Could you transcribe exactly the lines below, from the line with "sbk_kawasaki_4.jpg" through the line with "Profile Picture of", and nothing else, leaving out the pictures?

### Provided records

BEGIN

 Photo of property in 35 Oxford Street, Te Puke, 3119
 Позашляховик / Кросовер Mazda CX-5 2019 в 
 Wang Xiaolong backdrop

END
BEGIN

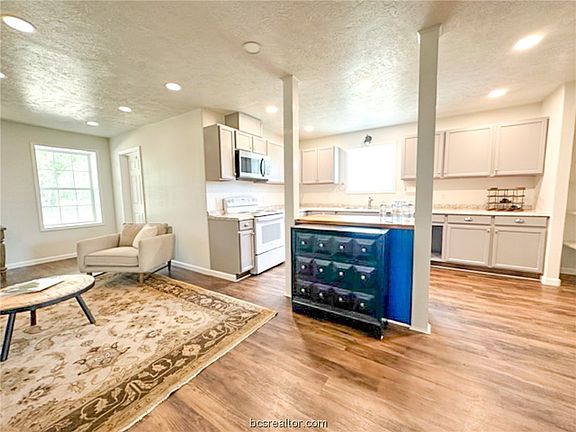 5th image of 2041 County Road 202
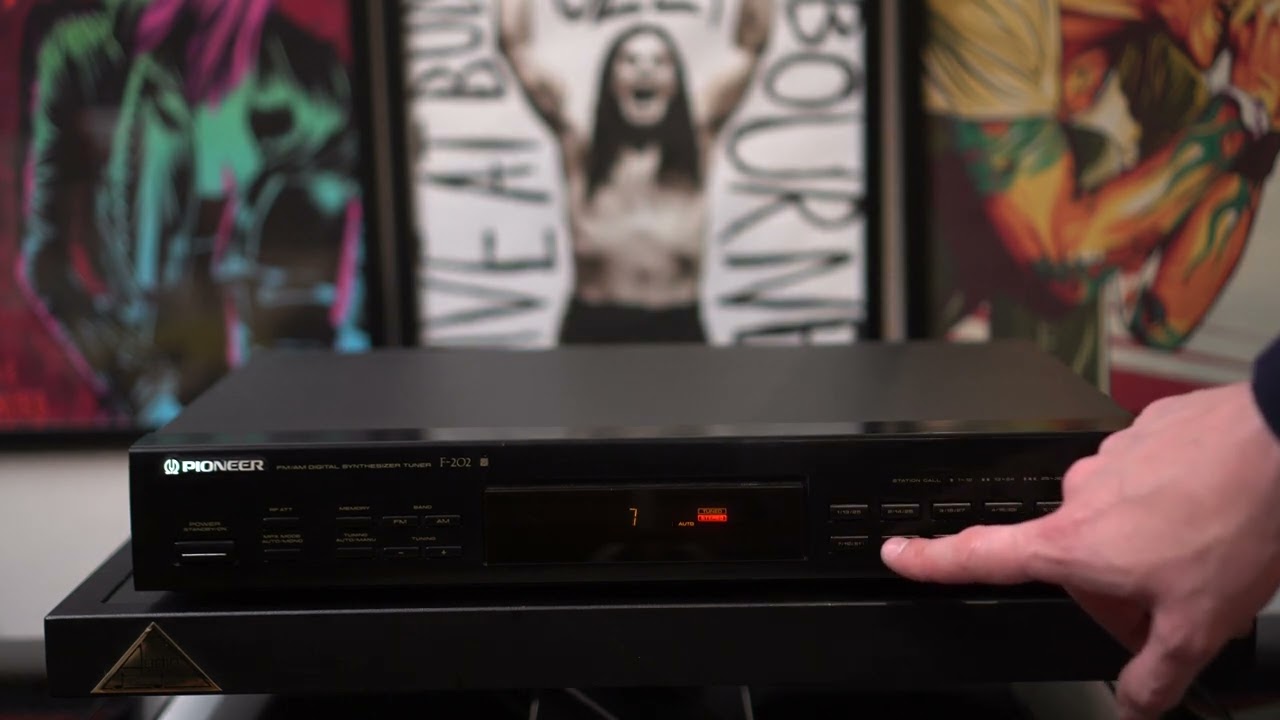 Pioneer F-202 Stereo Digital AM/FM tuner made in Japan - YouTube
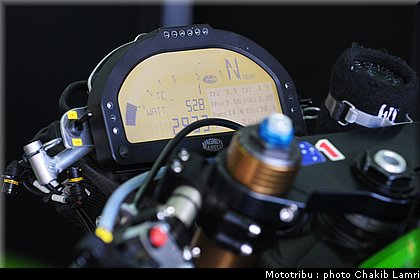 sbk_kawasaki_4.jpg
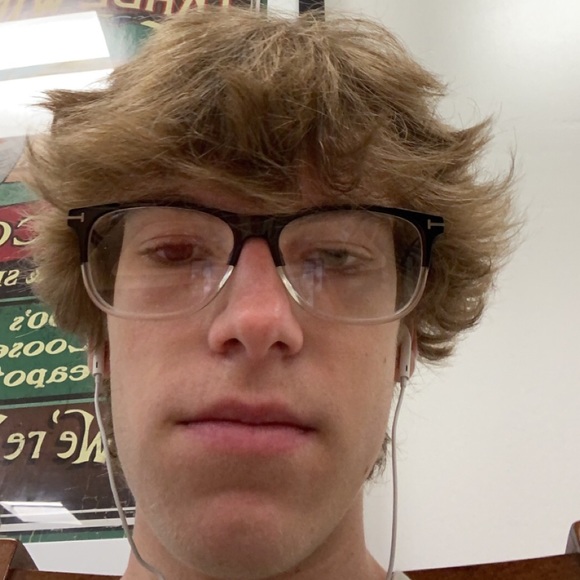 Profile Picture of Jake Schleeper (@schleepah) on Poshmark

END
BEGIN

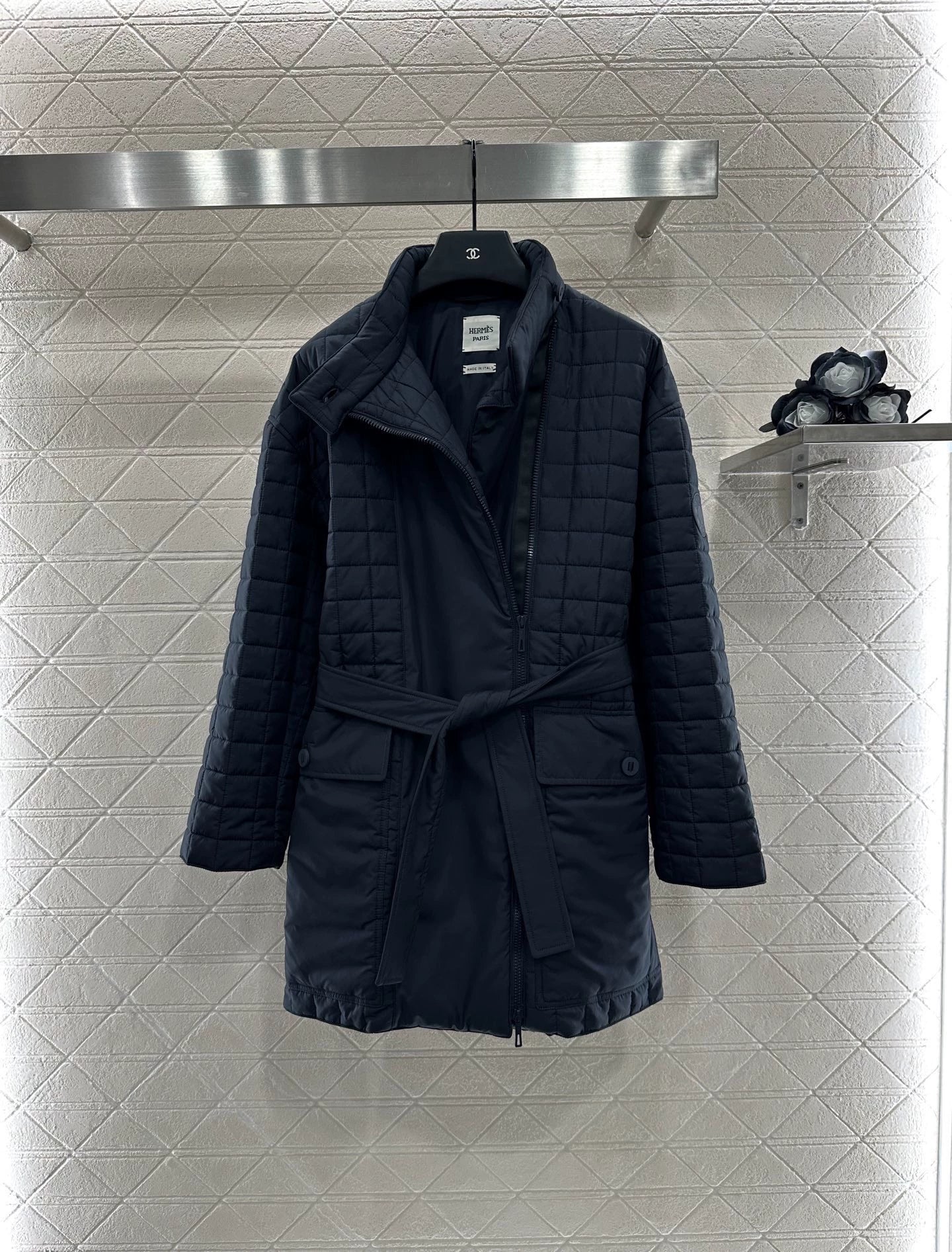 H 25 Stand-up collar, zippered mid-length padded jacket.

END

### Response area
 sbk_kawasaki_4.jpg
 Profile Picture of Jake Schleeper (@schleepah) on Poshmark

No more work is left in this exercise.